I mean the fact of the matter is that most armed conflict is actually just undertaken with negotiations in mind. It's a tactic to influence how negotiations will go. You know, what demands will be met, what concessions will be made and so on. You know, what is one side willing to agree to if it means avoiding continued armed conflict? That's really what is the motive behind most armed conflict.
It isn't for a military victory, it's for a victory at the negotiating table. This would more or less be the same reasoning if the Hamas incursion was a coordinated operation involving external players like Saudi Arabia, like Iran and potentially Russia. You know, just trying to control the dynamics that will impact future negotiations. Just like I said earlier, the Saudis could potentially agree to normalization in exchange for Israel suspending attacks against Gaza or in exchange for Israeli withdrawal from the Gaza Strip if they reoccupy Gaza instead of demanding a two state solution or instead of demanding a return to the nineteen sixty seven borders. Now as I said, Saudi Arabia told its citizens to leave Lebanon in August for no apparent reason, for no reason that was ever given.
So that could potentially indicate that they foresaw conflict in Lebanon. And we have seen Hezbollah getting somewhat involved in the current conflict with missile strikes against Israeli occupied Lebanese territory along the border in the South. Now if we see the Israelis reaching into Lebanon proper, into Beirut for example, beyond the southern occupied territories, then I would be more inclined to believe that there is some sort of Saudi coordination going on between Saudi Arabia, Hezbollah, Hamas and Iran. The Saudis are very interested in increasing their influence in Lebanon and trying to bring Hezbollah under that sphere of influence. They're trying to mitigate Iran's influence in Lebanon.
So an expanded conflict that would engulf Lebanon would provide them opportunities to do that. Now I'll repeat, this is all speculation on my part. And frankly it's too early on for me to tell what's the most likely explanation for what's happening. These are just the possibilities that I see. And inshaAllah things will become clearer over time.

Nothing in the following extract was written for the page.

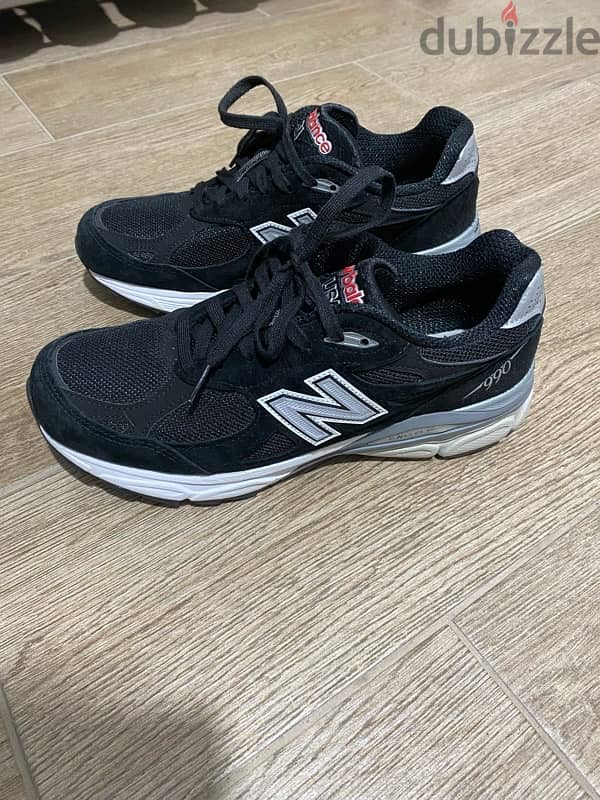 New balance sneakers 990 V3 size 42(fits 43) 2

Now I'll repeat here something that I said the other day on Twitter. And that is that I don't think that any Muslim should make any public statement criticizing the Palestinians for their tactics or for their strategies. Regardless of what your personal opinion might be. And regardless of whether or not any disapproval that you might feel for their strategies or for their tactics might be based on your concern for the consequences of their tactics in terms of what the people of Gaza will suffer from the inevitable cowardly Israeli retaliation. The appropriate venue for you to express your concerns for the Palestinian people is dua for Allah to protect them.
Not in the form of criticism in a public forum. We need to advocate, support, and display total solidarity with the Palestinians without concession, without hesitation, don't give an inch. Now that doesn't mean that you have to try to morally justify any wrongs that may be committed by the Palestinians in the midst of armed conflict, but it means not allowing any wrongs that they might commit in the midst of armed conflict to divert discourse away from the absolute moral justification that they have for their resistance.